◆ **EXERCISE OBJECTIVE**
Give the entries again, exactly as they stand.

◆ **PROVIDED INFORMATION**
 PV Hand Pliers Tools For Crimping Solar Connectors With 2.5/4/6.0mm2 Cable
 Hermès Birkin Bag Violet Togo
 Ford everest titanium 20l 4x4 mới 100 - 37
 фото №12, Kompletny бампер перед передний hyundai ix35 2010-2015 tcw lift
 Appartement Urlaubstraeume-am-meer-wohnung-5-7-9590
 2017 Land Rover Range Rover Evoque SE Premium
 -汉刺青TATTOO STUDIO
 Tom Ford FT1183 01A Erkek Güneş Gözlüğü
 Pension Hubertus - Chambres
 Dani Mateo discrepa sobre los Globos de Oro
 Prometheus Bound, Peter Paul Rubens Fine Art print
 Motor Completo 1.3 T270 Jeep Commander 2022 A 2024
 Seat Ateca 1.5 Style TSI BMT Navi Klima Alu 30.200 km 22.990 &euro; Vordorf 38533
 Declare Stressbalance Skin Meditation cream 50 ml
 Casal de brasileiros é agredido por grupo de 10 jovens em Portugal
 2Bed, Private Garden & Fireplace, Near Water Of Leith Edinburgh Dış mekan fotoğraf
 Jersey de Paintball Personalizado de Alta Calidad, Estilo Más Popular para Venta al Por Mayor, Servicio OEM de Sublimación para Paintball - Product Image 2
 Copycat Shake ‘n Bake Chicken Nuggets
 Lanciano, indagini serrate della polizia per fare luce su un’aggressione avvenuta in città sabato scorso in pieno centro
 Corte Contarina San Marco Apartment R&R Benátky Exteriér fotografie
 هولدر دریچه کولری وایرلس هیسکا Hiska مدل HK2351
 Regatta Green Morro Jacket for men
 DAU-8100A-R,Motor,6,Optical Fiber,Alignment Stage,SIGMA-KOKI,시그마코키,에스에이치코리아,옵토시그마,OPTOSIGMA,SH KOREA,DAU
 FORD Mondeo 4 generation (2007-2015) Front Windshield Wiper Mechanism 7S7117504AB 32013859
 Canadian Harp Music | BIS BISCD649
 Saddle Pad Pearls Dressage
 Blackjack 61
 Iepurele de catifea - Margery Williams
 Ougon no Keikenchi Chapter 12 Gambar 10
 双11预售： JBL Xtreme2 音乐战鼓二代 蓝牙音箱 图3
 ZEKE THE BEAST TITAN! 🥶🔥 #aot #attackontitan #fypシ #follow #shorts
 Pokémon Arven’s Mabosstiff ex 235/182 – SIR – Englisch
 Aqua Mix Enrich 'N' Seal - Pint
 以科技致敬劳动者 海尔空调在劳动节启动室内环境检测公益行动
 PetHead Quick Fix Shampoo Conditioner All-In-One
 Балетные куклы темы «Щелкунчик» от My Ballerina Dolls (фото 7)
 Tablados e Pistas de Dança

◆ **FINISHED EXERCISE**
 PV Hand Pliers Tools For Crimping Solar Connectors With 2.5/4/6.0mm2 Cable
 Hermès Birkin Bag Violet Togo
 Ford everest titanium 20l 4x4 mới 100 - 37
 фото №12, Kompletny бампер перед передний hyundai ix35 2010-2015 tcw lift
 Appartement Urlaubstraeume-am-meer-wohnung-5-7-9590
 2017 Land Rover Range Rover Evoque SE Premium
 -汉刺青TATTOO STUDIO
 Tom Ford FT1183 01A Erkek Güneş Gözlüğü
 Pension Hubertus - Chambres
 Dani Mateo discrepa sobre los Globos de Oro
 Prometheus Bound, Peter Paul Rubens Fine Art print
 Motor Completo 1.3 T270 Jeep Commander 2022 A 2024
 Seat Ateca 1.5 Style TSI BMT Navi Klima Alu 30.200 km 22.990 &euro; Vordorf 38533
 Declare Stressbalance Skin Meditation cream 50 ml
 Casal de brasileiros é agredido por grupo de 10 jovens em Portugal
 2Bed, Private Garden & Fireplace, Near Water Of Leith Edinburgh Dış mekan fotoğraf
 Jersey de Paintball Personalizado de Alta Calidad, Estilo Más Popular para Venta al Por Mayor, Servicio OEM de Sublimación para Paintball - Product Image 2
 Copycat Shake ‘n Bake Chicken Nuggets
 Lanciano, indagini serrate della polizia per fare luce su un’aggressione avvenuta in città sabato scorso in pieno centro
 Corte Contarina San Marco Apartment R&R Benátky Exteriér fotografie
 هولدر دریچه کولری وایرلس هیسکا Hiska مدل HK2351
 Regatta Green Morro Jacket for men
 DAU-8100A-R,Motor,6,Optical Fiber,Alignment Stage,SIGMA-KOKI,시그마코키,에스에이치코리아,옵토시그마,OPTOSIGMA,SH KOREA,DAU
 FORD Mondeo 4 generation (2007-2015) Front Windshield Wiper Mechanism 7S7117504AB 32013859
 Canadian Harp Music | BIS BISCD649
 Saddle Pad Pearls Dressage
 Blackjack 61
 Iepurele de catifea - Margery Williams
 Ougon no Keikenchi Chapter 12 Gambar 10
 双11预售： JBL Xtreme2 音乐战鼓二代 蓝牙音箱 图3
 ZEKE THE BEAST TITAN! 🥶🔥 #aot #attackontitan #fypシ #follow #shorts
 Pokémon Arven’s Mabosstiff ex 235/182 – SIR – Englisch
 Aqua Mix Enrich 'N' Seal - Pint
 以科技致敬劳动者 海尔空调在劳动节启动室内环境检测公益行动
 PetHead Quick Fix Shampoo Conditioner All-In-One
 Балетные куклы темы «Щелкунчик» от My Ballerina Dolls (фото 7)
 Tablados e Pistas de Dança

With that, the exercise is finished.